Beachin' with Suzy

 


If you are willing to camp, you can score a wonderful, inexpensive beach vacay. With my senior pass I camped for 20$ a night at Fort Pickens Camp Ground near Pensacola down a long, narrow, lovely peninsula bordered to the south by the Gulf of Mexico and to the north by Pensacola Bay. 

I did get lucky on finding a site for 2 nights without reserving in advance much further than I did. You usually have to reserve way ahead. (You can sometimes get a site for one night and then a different site for another single night.)

Suzy (my Australian Shepherd) and I slept in my van. We kept cool because I have a jackery power source that runs a fan. The jackery also charges my phone. I used the campsite power to heat water for coffee and oatmeal. Yes I got a little tired of eating oatmeal and nuts and fruit and peanut butter and cheese and tuna fish, but I was trying to keep it simple. My special treat was a kale salad I brought from home and kept in the icebox with some yummy stout beer.

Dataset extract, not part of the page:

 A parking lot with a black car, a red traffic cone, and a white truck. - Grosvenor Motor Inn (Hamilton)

Suzy thought she was the campground hostess. She made a good one. I have never owned a friendlier dog. 

However, she wasn't supposed to go on any of the area's beaches except the designated dog park beach. So we tried the dog beach the first day we arrived. 

You're supposed to keep your dog on a leash there, which seems ridiculous to me. It was Suzy's first time to see the Gulf of Mexico, and she was as excited as I was when I saw it for the first time. Like me, she headed straight for the waves at top speed. After attempting to let her enjoy herself on leash, I lead her away from the dog park beach area a good distance so we were not near anyone and then unleashed her. I just had to.

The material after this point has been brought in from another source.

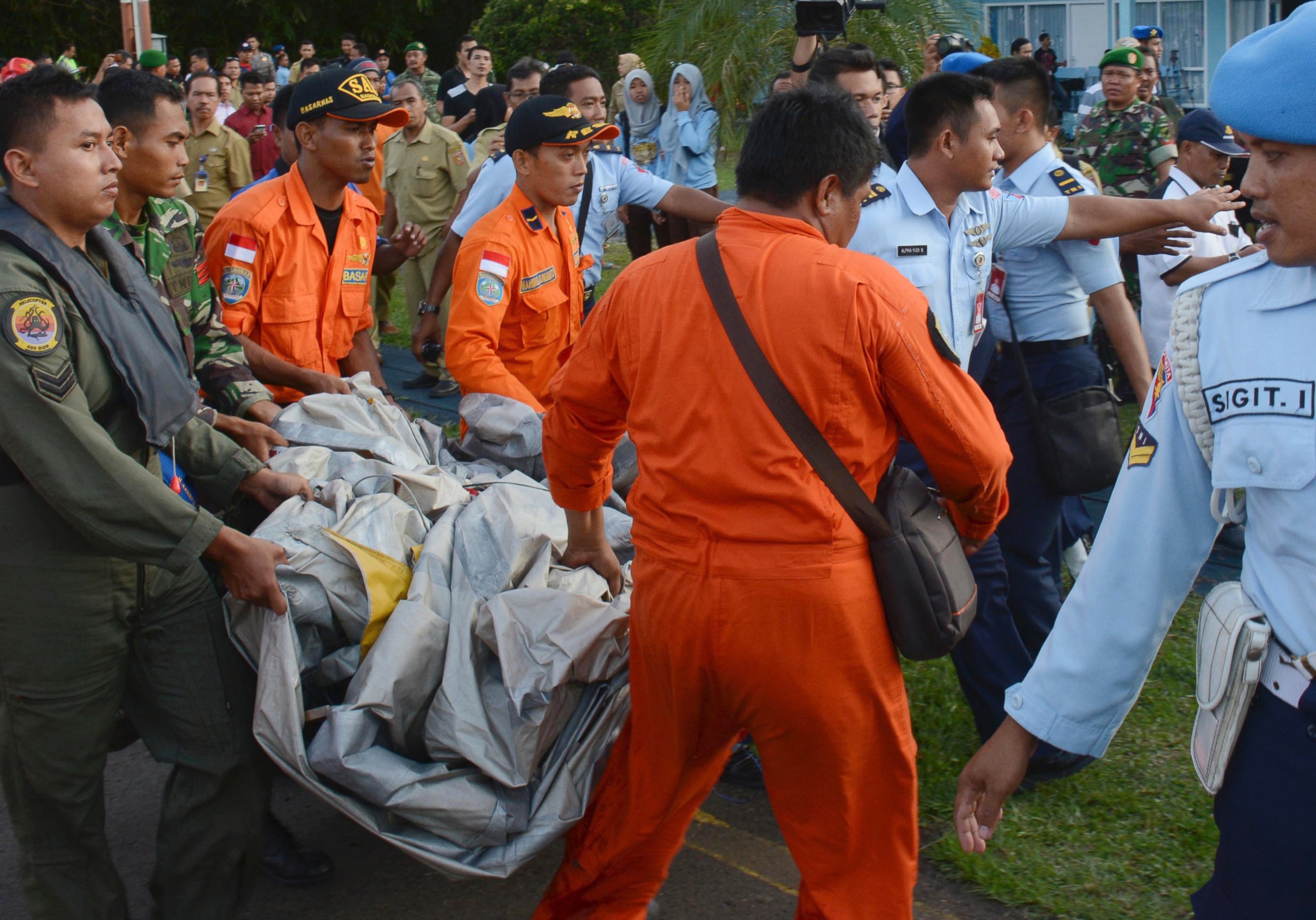 PHOTO: Indonesian Air Force personnel carry debris from AirAsia Flight 8501 at the airbase in Pangkalan Bun, Central Borneo, Indonesia, Dec. 30, 2014.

Naturally, Suzy had a blast swimming in the ocean, chasing the waves and letting them chase her, dashing up and down the beach, and then rolling in the sand such that she looked like a powdered donut. Again, naturally, she disobeyed me and galloped back down the beach to greet the first person she could find: a woman who was sitting on a beach towel just outside the dog park area (there was no fence, of course, on the beach). The woman was not a "dog person," so I don't know why she chose to sit right by the dog beach. 

Much to this sunbather's chagrin, Suzy pranced up to her, gave her "kisses" and a "hug" as she told her how happy she was that she was at the beach and asked her wasn't she happy too? At the moment, she was not. 

It was embarrassing, and I'm sorry Suzy bothered the woman, but I still think it's stupid to have to leash your dog at the dog park beach.

We did manage to find areas on the bay side where no one was around. It was easier for Suzy to swim there, and she enjoyed herself.

Every morning after that, I took Suzy out on the beaches near Fort Pickens early, around sunrise, when no one else was there. Words are inadequate to describe the beauty of those experiences. Suzy and I each relished the surroundings and the feelings they engendered in us. Maybe our feelings were different; maybe they were the same. But there was a kind of ecstasy -- pure joy -- involved for the both of us. And we were each glad to have someone to share it with. I believe we were each worshipping in our our way. You can make of that what you will.